● **How to complete this task**: From the records that follow, return exactly the lines beginning at the one that contains "The systems affected" and ending at the one that contains "In the previous", pictures left out.

Stored items:
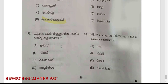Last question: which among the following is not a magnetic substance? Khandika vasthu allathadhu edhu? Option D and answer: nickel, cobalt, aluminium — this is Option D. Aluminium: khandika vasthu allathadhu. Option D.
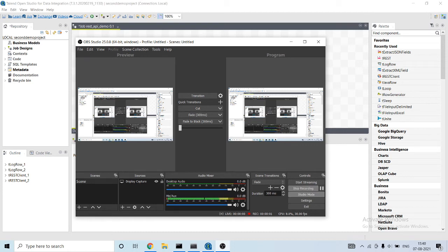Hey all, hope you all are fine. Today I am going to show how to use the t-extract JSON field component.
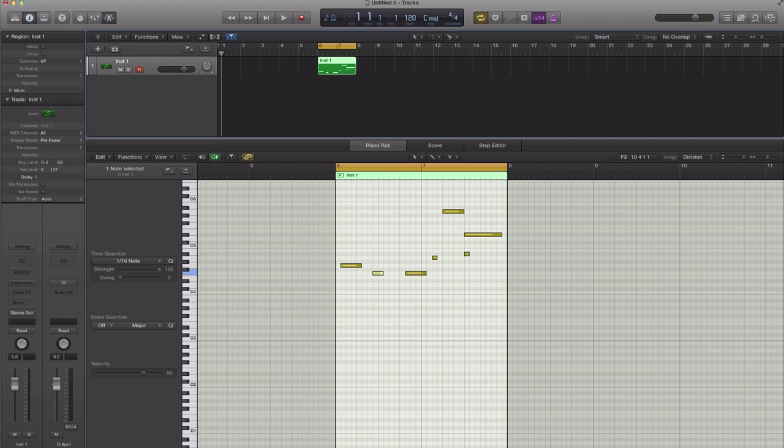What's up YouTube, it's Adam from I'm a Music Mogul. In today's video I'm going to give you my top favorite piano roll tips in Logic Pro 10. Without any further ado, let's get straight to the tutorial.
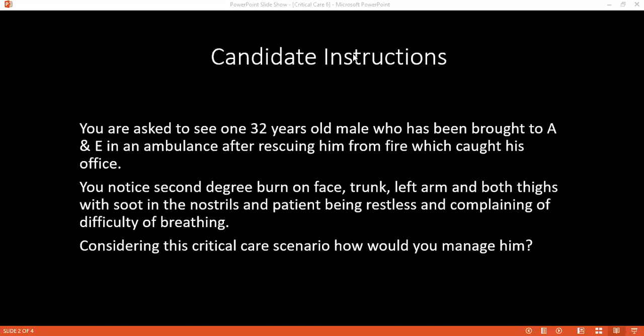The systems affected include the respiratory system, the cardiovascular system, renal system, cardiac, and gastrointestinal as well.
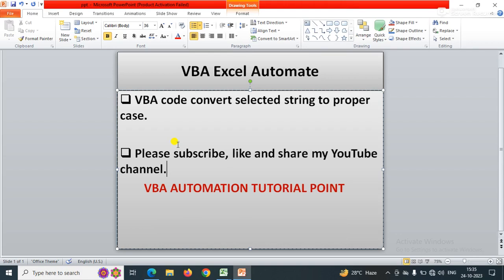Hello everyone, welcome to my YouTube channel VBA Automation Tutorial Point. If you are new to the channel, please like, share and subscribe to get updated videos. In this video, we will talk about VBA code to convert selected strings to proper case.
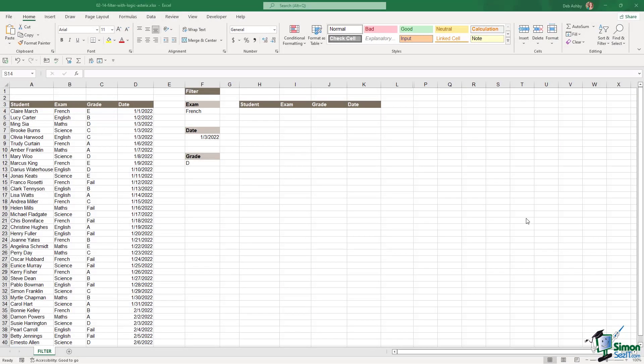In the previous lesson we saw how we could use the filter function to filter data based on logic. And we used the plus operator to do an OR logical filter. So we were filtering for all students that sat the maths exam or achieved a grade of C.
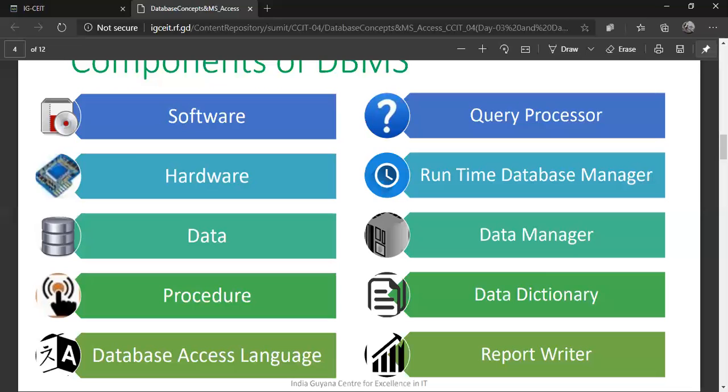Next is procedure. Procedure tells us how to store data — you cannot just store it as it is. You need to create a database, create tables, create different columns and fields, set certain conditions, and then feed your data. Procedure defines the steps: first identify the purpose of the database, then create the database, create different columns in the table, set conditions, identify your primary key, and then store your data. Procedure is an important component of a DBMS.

● **Final answer**:
The systems affected include the respiratory system, the cardiovascular system, renal system, cardiac, and gastrointestinal as well.
Hello everyone, welcome to my YouTube channel VBA Automation Tutorial Point. If you are new to the channel, please like, share and subscribe to get updated videos. In this video, we will talk about VBA code to convert selected strings to proper case.
In the previous lesson we saw how we could use the filter function to filter data based on logic. And we used the plus operator to do an OR logical filter. So we were filtering for all students that sat the maths exam or achieved a grade of C.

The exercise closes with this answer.